Work task - Beginning at the top of the listing, repeat each line exactly until the line with "winter, snow, cityscapes, Moscow, Kremlin, rivers" has been repeated too.

Excerpted data -
★ ★ ★ ★ ★ ★ ★

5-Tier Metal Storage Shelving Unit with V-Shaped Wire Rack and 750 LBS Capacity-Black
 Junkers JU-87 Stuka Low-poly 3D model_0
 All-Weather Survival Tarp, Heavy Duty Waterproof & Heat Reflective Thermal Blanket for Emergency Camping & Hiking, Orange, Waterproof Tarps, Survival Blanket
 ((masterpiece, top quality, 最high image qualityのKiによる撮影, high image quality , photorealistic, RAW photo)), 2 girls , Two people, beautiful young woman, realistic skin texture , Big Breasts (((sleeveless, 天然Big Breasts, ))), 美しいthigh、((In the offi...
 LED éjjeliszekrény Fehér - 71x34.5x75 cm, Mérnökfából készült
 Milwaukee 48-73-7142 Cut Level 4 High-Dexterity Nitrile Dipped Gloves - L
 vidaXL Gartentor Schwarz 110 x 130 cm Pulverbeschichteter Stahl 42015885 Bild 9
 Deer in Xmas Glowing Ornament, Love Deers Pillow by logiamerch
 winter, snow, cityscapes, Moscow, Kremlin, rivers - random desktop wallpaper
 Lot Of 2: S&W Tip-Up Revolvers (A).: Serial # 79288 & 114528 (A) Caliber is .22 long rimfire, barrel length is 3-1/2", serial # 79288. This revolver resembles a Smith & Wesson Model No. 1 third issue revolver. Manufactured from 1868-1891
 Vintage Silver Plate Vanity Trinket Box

★ ★ ★ ★ ★ ★ ★

Solution -
5-Tier Metal Storage Shelving Unit with V-Shaped Wire Rack and 750 LBS Capacity-Black
 Junkers JU-87 Stuka Low-poly 3D model_0
 All-Weather Survival Tarp, Heavy Duty Waterproof & Heat Reflective Thermal Blanket for Emergency Camping & Hiking, Orange, Waterproof Tarps, Survival Blanket
 ((masterpiece, top quality, 最high image qualityのKiによる撮影, high image quality , photorealistic, RAW photo)), 2 girls , Two people, beautiful young woman, realistic skin texture , Big Breasts (((sleeveless, 天然Big Breasts, ))), 美しいthigh、((In the offi...
 LED éjjeliszekrény Fehér - 71x34.5x75 cm, Mérnökfából készült
 Milwaukee 48-73-7142 Cut Level 4 High-Dexterity Nitrile Dipped Gloves - L
 vidaXL Gartentor Schwarz 110 x 130 cm Pulverbeschichteter Stahl 42015885 Bild 9
 Deer in Xmas Glowing Ornament, Love Deers Pillow by logiamerch
 winter, snow, cityscapes, Moscow, Kremlin, rivers - random desktop wallpaper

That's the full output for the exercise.